DATA RECORDS:
==========

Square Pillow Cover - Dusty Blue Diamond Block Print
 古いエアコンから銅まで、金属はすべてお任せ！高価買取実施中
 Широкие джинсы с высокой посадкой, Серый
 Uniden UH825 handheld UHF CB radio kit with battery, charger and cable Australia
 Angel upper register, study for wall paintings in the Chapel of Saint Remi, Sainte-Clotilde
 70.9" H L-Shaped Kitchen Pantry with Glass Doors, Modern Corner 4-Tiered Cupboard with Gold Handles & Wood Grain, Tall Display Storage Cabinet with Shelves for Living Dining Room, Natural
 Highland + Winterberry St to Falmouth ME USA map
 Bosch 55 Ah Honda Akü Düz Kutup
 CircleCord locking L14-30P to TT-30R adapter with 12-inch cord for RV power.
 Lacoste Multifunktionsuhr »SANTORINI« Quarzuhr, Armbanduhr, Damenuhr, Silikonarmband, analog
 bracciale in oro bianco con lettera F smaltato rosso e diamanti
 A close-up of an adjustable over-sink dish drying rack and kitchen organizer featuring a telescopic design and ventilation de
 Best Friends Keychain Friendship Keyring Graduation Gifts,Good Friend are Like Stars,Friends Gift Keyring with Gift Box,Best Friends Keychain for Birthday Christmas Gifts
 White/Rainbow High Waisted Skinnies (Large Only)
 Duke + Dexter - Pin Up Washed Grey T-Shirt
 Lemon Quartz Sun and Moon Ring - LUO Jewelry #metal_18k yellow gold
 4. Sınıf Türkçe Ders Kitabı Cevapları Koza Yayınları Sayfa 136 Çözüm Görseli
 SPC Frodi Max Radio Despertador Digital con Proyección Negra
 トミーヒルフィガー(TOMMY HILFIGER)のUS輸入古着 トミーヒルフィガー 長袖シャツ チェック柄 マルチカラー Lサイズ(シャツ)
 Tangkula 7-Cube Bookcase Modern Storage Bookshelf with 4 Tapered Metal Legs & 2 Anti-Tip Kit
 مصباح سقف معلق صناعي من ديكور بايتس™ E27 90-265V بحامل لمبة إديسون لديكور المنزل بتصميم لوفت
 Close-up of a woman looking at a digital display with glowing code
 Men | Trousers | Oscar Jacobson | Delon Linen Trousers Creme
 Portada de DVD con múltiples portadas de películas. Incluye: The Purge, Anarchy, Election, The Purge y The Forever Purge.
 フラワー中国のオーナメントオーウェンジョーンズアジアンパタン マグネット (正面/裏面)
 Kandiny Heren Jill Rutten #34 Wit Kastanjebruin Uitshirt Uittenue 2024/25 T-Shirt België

==========

TASK STATEMENT: Your answer should be every entry above, repeated exactly.

OUTPUT:
Square Pillow Cover - Dusty Blue Diamond Block Print
 古いエアコンから銅まで、金属はすべてお任せ！高価買取実施中
 Широкие джинсы с высокой посадкой, Серый
 Uniden UH825 handheld UHF CB radio kit with battery, charger and cable Australia
 Angel upper register, study for wall paintings in the Chapel of Saint Remi, Sainte-Clotilde
 70.9" H L-Shaped Kitchen Pantry with Glass Doors, Modern Corner 4-Tiered Cupboard with Gold Handles & Wood Grain, Tall Display Storage Cabinet with Shelves for Living Dining Room, Natural
 Highland + Winterberry St to Falmouth ME USA map
 Bosch 55 Ah Honda Akü Düz Kutup
 CircleCord locking L14-30P to TT-30R adapter with 12-inch cord for RV power.
 Lacoste Multifunktionsuhr »SANTORINI« Quarzuhr, Armbanduhr, Damenuhr, Silikonarmband, analog
 bracciale in oro bianco con lettera F smaltato rosso e diamanti
 A close-up of an adjustable over-sink dish drying rack and kitchen organizer featuring a telescopic design and ventilation de
 Best Friends Keychain Friendship Keyring Graduation Gifts,Good Friend are Like Stars,Friends Gift Keyring with Gift Box,Best Friends Keychain for Birthday Christmas Gifts
 White/Rainbow High Waisted Skinnies (Large Only)
 Duke + Dexter - Pin Up Washed Grey T-Shirt
 Lemon Quartz Sun and Moon Ring - LUO Jewelry #metal_18k yellow gold
 4. Sınıf Türkçe Ders Kitabı Cevapları Koza Yayınları Sayfa 136 Çözüm Görseli
 SPC Frodi Max Radio Despertador Digital con Proyección Negra
 トミーヒルフィガー(TOMMY HILFIGER)のUS輸入古着 トミーヒルフィガー 長袖シャツ チェック柄 マルチカラー Lサイズ(シャツ)
 Tangkula 7-Cube Bookcase Modern Storage Bookshelf with 4 Tapered Metal Legs & 2 Anti-Tip Kit
 مصباح سقف معلق صناعي من ديكور بايتس™ E27 90-265V بحامل لمبة إديسون لديكور المنزل بتصميم لوفت
 Close-up of a woman looking at a digital display with glowing code
 Men | Trousers | Oscar Jacobson | Delon Linen Trousers Creme
 Portada de DVD con múltiples portadas de películas. Incluye: The Purge, Anarchy, Election, The Purge y The Forever Purge.
 フラワー中国のオーナメントオーウェンジョーンズアジアンパタン マグネット (正面/裏面)
 Kandiny Heren Jill Rutten #34 Wit Kastanjebruin Uitshirt Uittenue 2024/25 T-Shirt België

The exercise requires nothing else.